- **TASK DESCRIPTION**
Your answer must match, word for word, the lines from the one holding "Robe Mi-Longue Or Ocre Nella image1" through the final line below, with pictures excluded.

Short web captions

- Opening Delimiter -

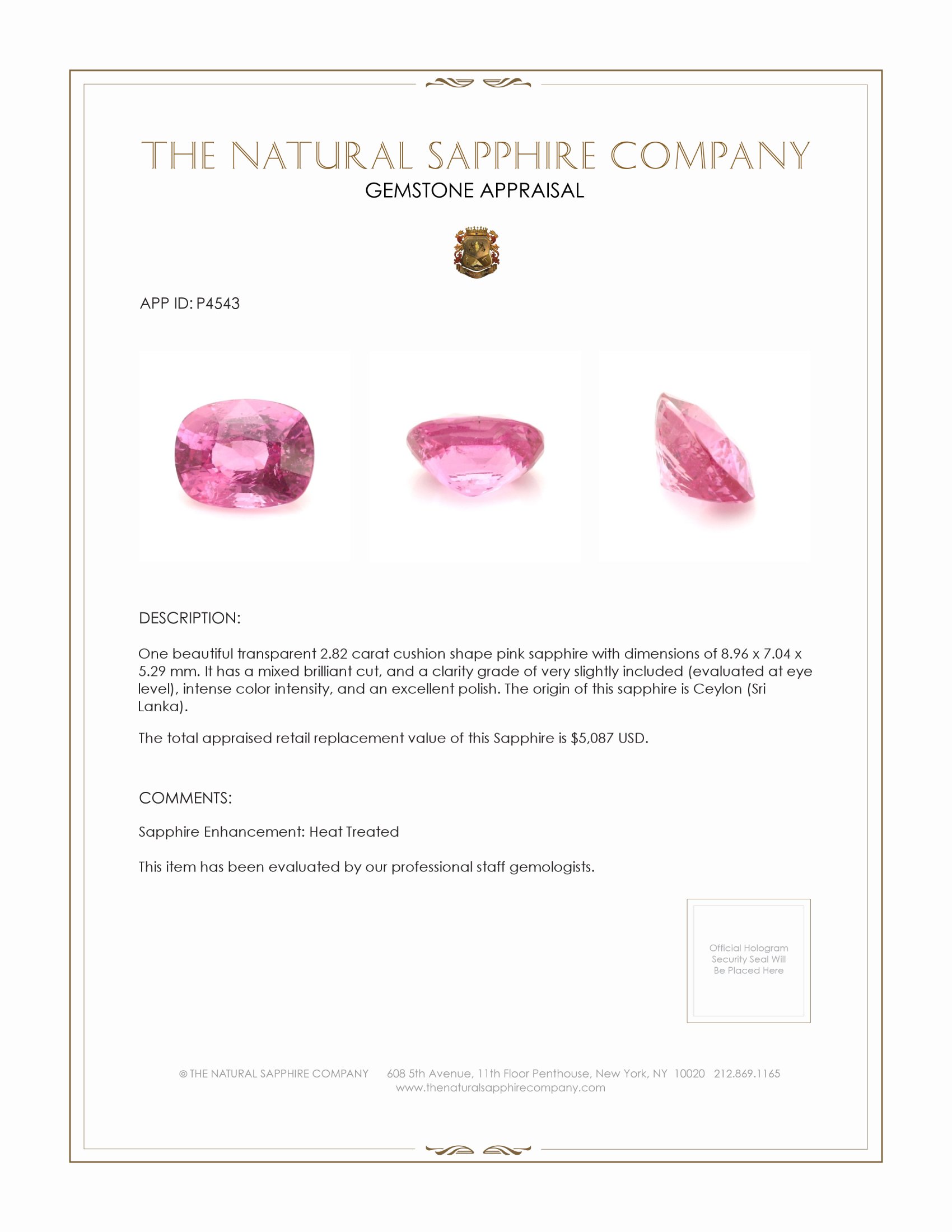 2.82 Ct. Pink Sapphire from Ceylon (Sri Lanka)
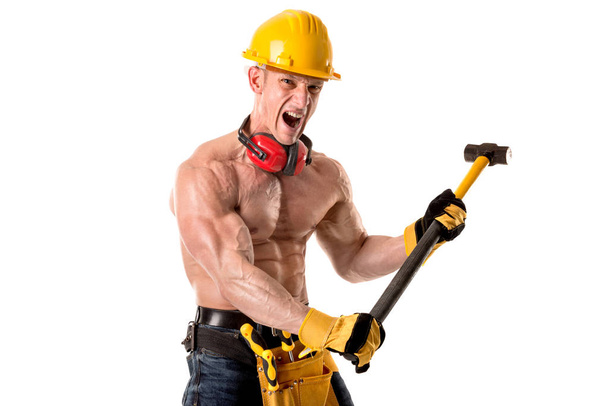 Güçlü inşaat işçisi - Fotoğraf, Görsel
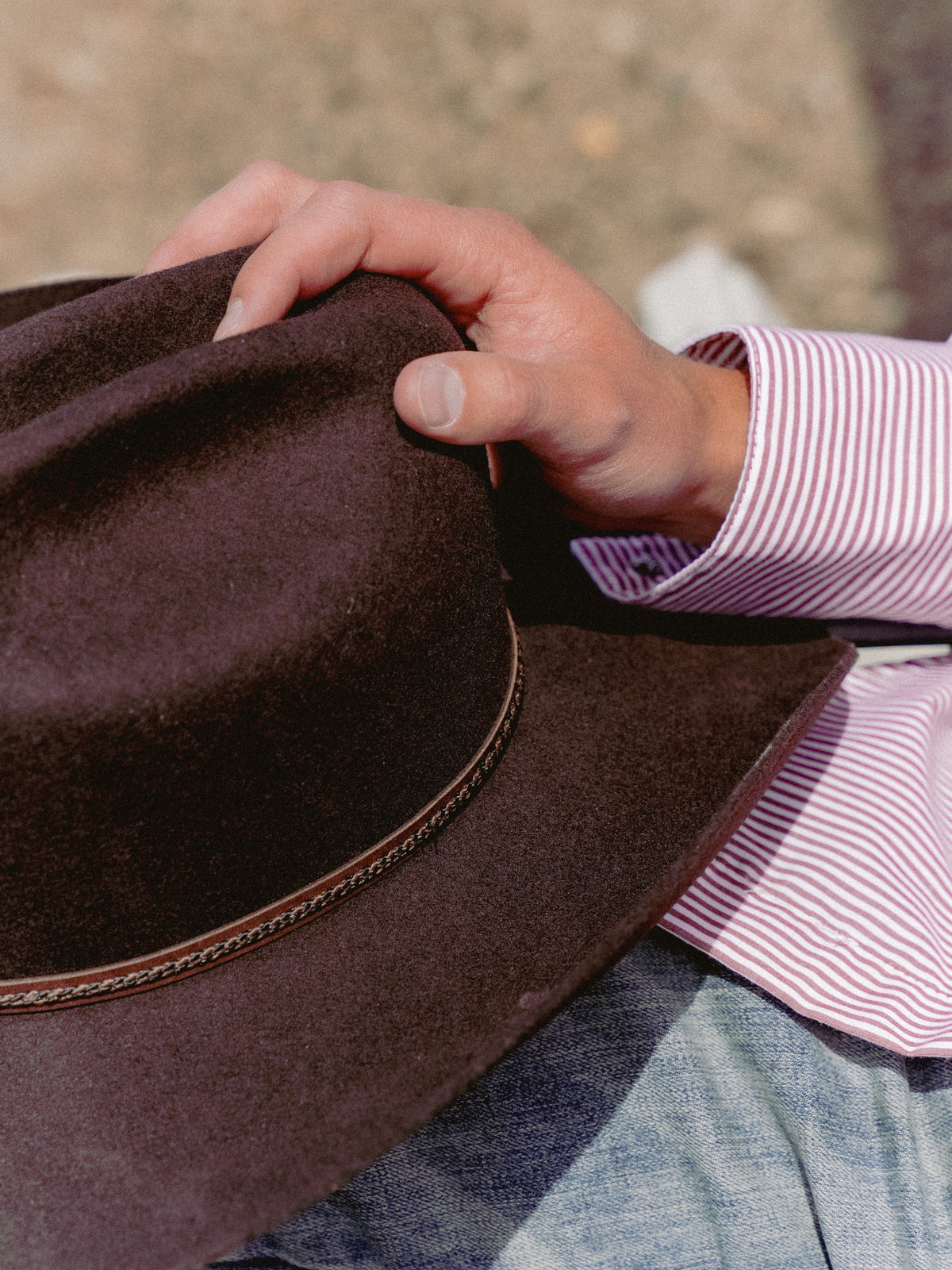 Crushable Brown Felt Concho Western Hat by Rockmount Ranch Wear with conchos band feature and wool felt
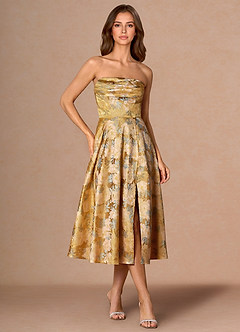 Robe Mi-Longue Or Ocre Nella image1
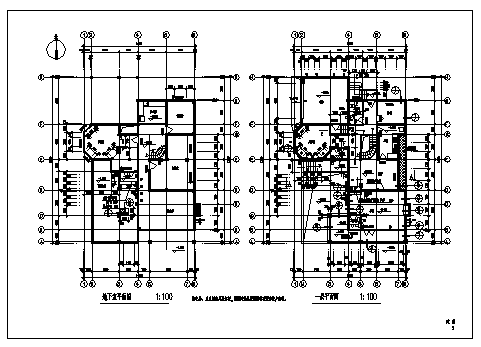 509平方米某二层带地下室别墅建筑施工cad图，共十三张-图一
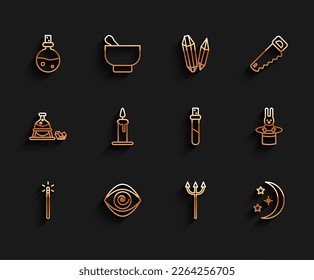 Set line Magic wand, Hypnosis, Bottle with love potion, Neptune Trident, Moon stars, Burning candle in candlestick, Magician hat rabbit and  icon. Vector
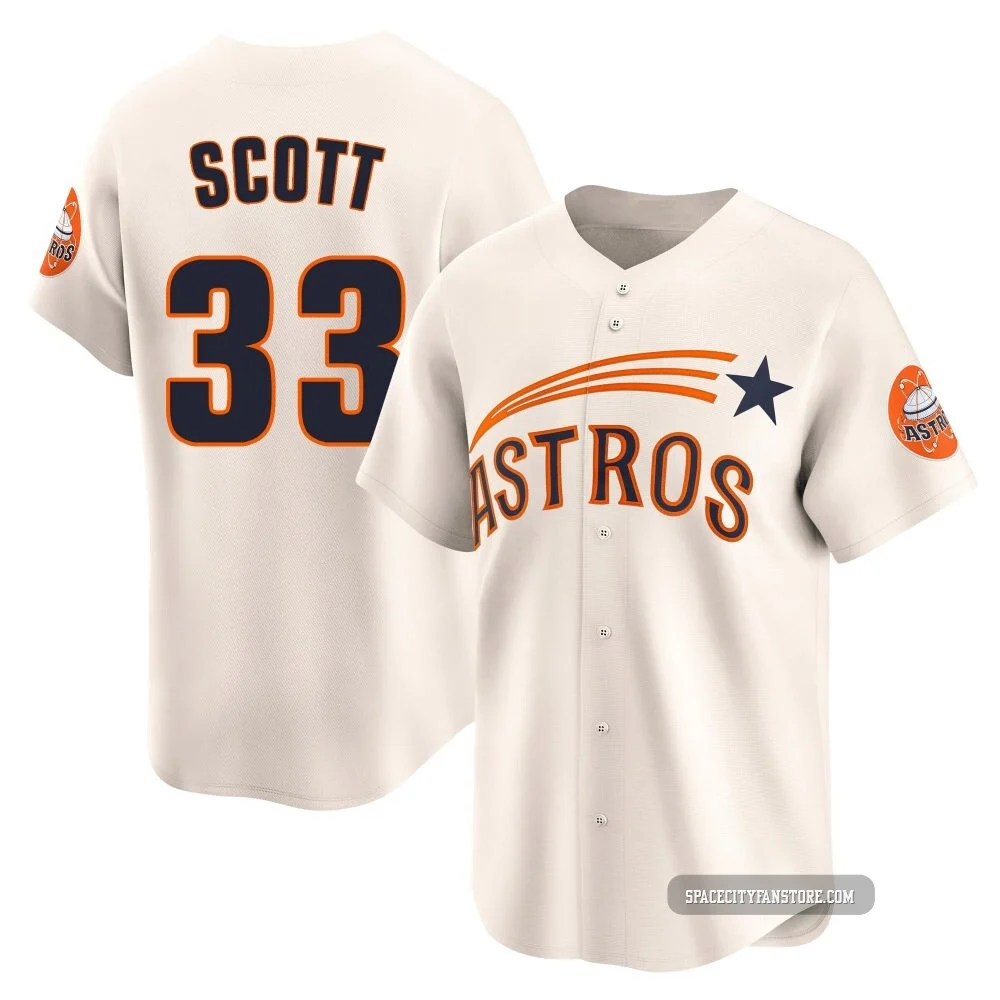 Men's Mike Scott Houston Astros ＃33 Cream Limited - Throwback Cooperstown Collection Jersey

- Closing Delimiter -

- **RESPONSE AREA**
 Robe Mi-Longue Or Ocre Nella image1
 509平方米某二层带地下室别墅建筑施工cad图，共十三张-图一
 Set line Magic wand, Hypnosis, Bottle with love potion, Neptune Trident, Moon stars, Burning candle in candlestick, Magician hat rabbit and  icon. Vector
 Men's Mike Scott Houston Astros ＃33 Cream Limited - Throwback Cooperstown Collection Jersey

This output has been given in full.